02 March 2009

Kids and travel diaries

Travel diaries are really important. Especially for kids. I know it's a hassle, and they find it a chore, but you must insist - and you should write your own to model the example to them. Yvette recalls that when she was eight years old, her family went on a four week trip around Australia. Every day her Mum and Dad forced her and her siblings to write in their diaries, no matter whether they wanted to or not. They considered it a bit of a chore. But they each filled an exercise book with daily entries, drawings, stuck in brochures from the places they went to, tickets, etc. Her parents still have the diaries and they are a wonderful reminder of all that they did. Without them, they would remember a lot less.

Since I first kept a travel diary 13 years ago my writing has changed. My first diary was very succinct. Yvette's mum said she could tell that my diary was written by a male. Yvette's diary of the same trip was littered with more experiential stuff, whereas mine read more like a catalogue. To be honest, it communicated what we did and where we went, but it is still not an overly interesting read. Still, it fulfills its primary purpose: to reconstruct memories in detail. For my later diaries I have tried to be less systematic and more descriptive - but I'm finding that as it changes the diaries have become unwieldy in their size.

Our eldest daughter - "The Bookworm" - first ventured overseas with us when she was 20 months old. She has no recollection of that trip (nor would we expect it) and she was in no position to record her own experiences in any way. She did take a small notebook to do drawing in, and from time to time Yvette or I would record simple sentences in it about what had happened during the trip.

Her next overseas jaunt was at age 5. Still a bit young for a travel diary, I created a "travel guide" for her. It was a little booklet full of activities (e.g. colouring-in; dot-to-dot etc.) which had a story (which I wrote) as its main theme. The basic premise was that there was a fairy which was trying to recover a host of treasures that had been stolen from fairyland, and she needed our daughter's assistance to find them. The things to find were located at various sights we were going to visit in New York and Canada. It worked brilliantly. She didn't complete everything (it wasn't meant to be "homework", after all) but she did try to find all of the sights in the treasure hunt. Some of the "missing fairyland treasures" included a crown (on the Statue of Liberty); a winged beast (Assyrian sculpture in the Metropolitan Museum of Art); a castle (Chateau Frontenac, Quebec); and a unicorn (the tapestries at The Cloisters, New York).

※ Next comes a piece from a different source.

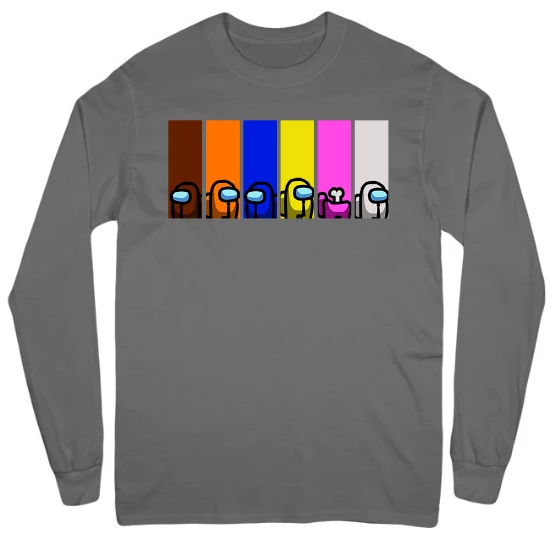 Color variation 3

At seven, The Bookworm kept her own written diary, though it was more difficult to motivate her to write than do a treasure hunt. In addition, we bought her the cheapest available digital camera and a large capacity memory stick for the Christmas prior to the holiday. She took about 900 photos - some quite amazing, others barely distinguishable - as a means of recording what she saw. Yvette and I tried hard not to direct her as to what she should photograph, and as a result she got an eclectic photo gallery of things which she viewed as important. Sometimes we had to remind her to take the camera out, or that "now" might be a good photo opportunity, but often she did it on her own. As well as the photos taken by the adults - all carefully planned and framed etc. - we have a lovely record of incidental things overlooked by us, including floors, walls, fish in ponds, and the chandeliers at Versailles.

Our youngest daughter - "Bendy" - did a colouring-in book to remember various parts of the holiday - though whether she actually will remains to be seen.

For the adults, Yvette kept a hand written diary. I knew I'd be verbose, and to keep our weight limit down I used the tiny Asus computer we took away with us. I managed to type about 40 pages in three weeks - most of which I'd have not bothered to write if I had done it be hand. 

I also purchase a blank art book (spiral bound, with blank A4 size pages) and stick in all the tickets, brochures etc. collected along the way (arranged in order). These form a sort of visual diary of the trip to accompany the written diary. Despite all the wonderful experiences that travel brings, it is amazing the details that you forget as time passes. Keeping a diary re-ignites those memories, and can help you to recall those experiences with greater clarity in the future. With kids it is vital. They simply won't remember it all - just the best bits, or those things which impacted them the most. A diary will record their perspective long after it has faded from their minds.